THE PLDT CORPORATE GOVERNANCE HISTORY
By virtue of its listing in the Philippine Stock Exchange and New York Stock Exchange, PLDT falls within the ambit of Philippine and U.S. regulatory bodies and must comply with their laws, rules and regulations. In this regard, PLDT has established various policies and initiatives to ensure that its business practices will be compliant with global best practices. Significant dates in our compliance efforts are as follows:
September 24, 2002
The PLDT Board of Directors (“Board”) approved the PLDT Manual on Corporate Governance (“Manual”). The Manual, which took effect on January 1, 2003, conforms with the requirements of the Philippine Securities and Exchange Commission (“PSEC”), and covers policies on, among others: (a) independent directors, (b) key Board Committees (i.e., Audit Committee, Executive Compensation Committee, and Nomination Committee), (c) independent auditors, (d) internal audit, (e) stockholder rights, (f) internal controls, and (g) penalties for non-compliance.
November 5, 2002
The Board approved the Anti-Money Laundering Manual. While not a covered institution, PLDT has nonetheless adopted its own Anti-Money Laundering Manual as required by the PSEC and pursuant to our commitment to help the national government in preventing anti-money laundering activities.
March 30, 2004
The Board approved the Code of Business Conduct and Ethics (the “Code”). The Code sets out standards of business conduct and ethics, namely: (a) compliance, (b) competition and fair dealing, (c) confidentiality of information and proper use of property, (d) conflicts of interests and corporate opportunities, (e) disclosure, (f) risk management, and (g) relations with shareholders and investors. These standards seek to promote the values of accountability, integrity, fairness and transparency. The Code also proscribes retaliation against reporters of violations of the Code, and penalizes violation of the prescribed standards.
Middle of June 2004
PLDT commenced its Sarbanes-Oxley Section 404 Compliance Project. Through this project, the PLDT Group ensures that its internal controls will support the annual internal control report on management’s assessment of internal controls that must be certified by the chief executive officer and the chief financial officer starting 2006 for foreign private issuers outside the U.S. like PLDT. This includes, as well, the corresponding required attestation of the independent external auditors.
June 29, 2004
The Board expanded the existing Nominations Committee to include oversight functions on corporate governance matters. Accordingly, it reconstituted the Nominations Committee into the Governance and Nominations Committee.
October 5, 2004
The Board approved the Charter of the Governance and Nomination Committee and identified members to the committee. PLDT also appointed its Chief Governance Officer who serves as compliance officer and heads the Corporate Governance Office. The Chief Governance Officer and the Corporate Governance Office report functionally to the Governance and Nomination Committee of the Board.
Early May 2005
PLDT’s President and CEO issued a memo to the presidents of PLDT subsidiaries to seek the adoption by the respective Board of Directors of the subsidiaries of the PLDT Code of Business Conduct and Ethics in accordance with the Governance and Nomination Committee Resolution No. 04-2005-02 dated April 2005.
October 04, 2005
The Board approved the expanded Conflict of Interest Policy.

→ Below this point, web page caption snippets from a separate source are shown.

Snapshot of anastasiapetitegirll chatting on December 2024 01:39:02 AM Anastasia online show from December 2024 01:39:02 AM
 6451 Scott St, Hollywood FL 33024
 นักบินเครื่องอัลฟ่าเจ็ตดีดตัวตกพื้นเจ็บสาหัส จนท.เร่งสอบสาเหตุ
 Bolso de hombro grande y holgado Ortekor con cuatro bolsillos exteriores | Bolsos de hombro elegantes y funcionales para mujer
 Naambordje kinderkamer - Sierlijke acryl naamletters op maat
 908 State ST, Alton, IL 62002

The above initiatives are just the initial steps that PLDT has taken in consonance with its commitment to instill a culture of good governance in the Company. With the PLDT Board’s Governance and Nomination Committee in place, as well as the President and CEO’s support of the recently established and future corporate governance programs, PLDT will continue to lead the pack in the adoption of critical best practices in good corporate governance in the Philippines.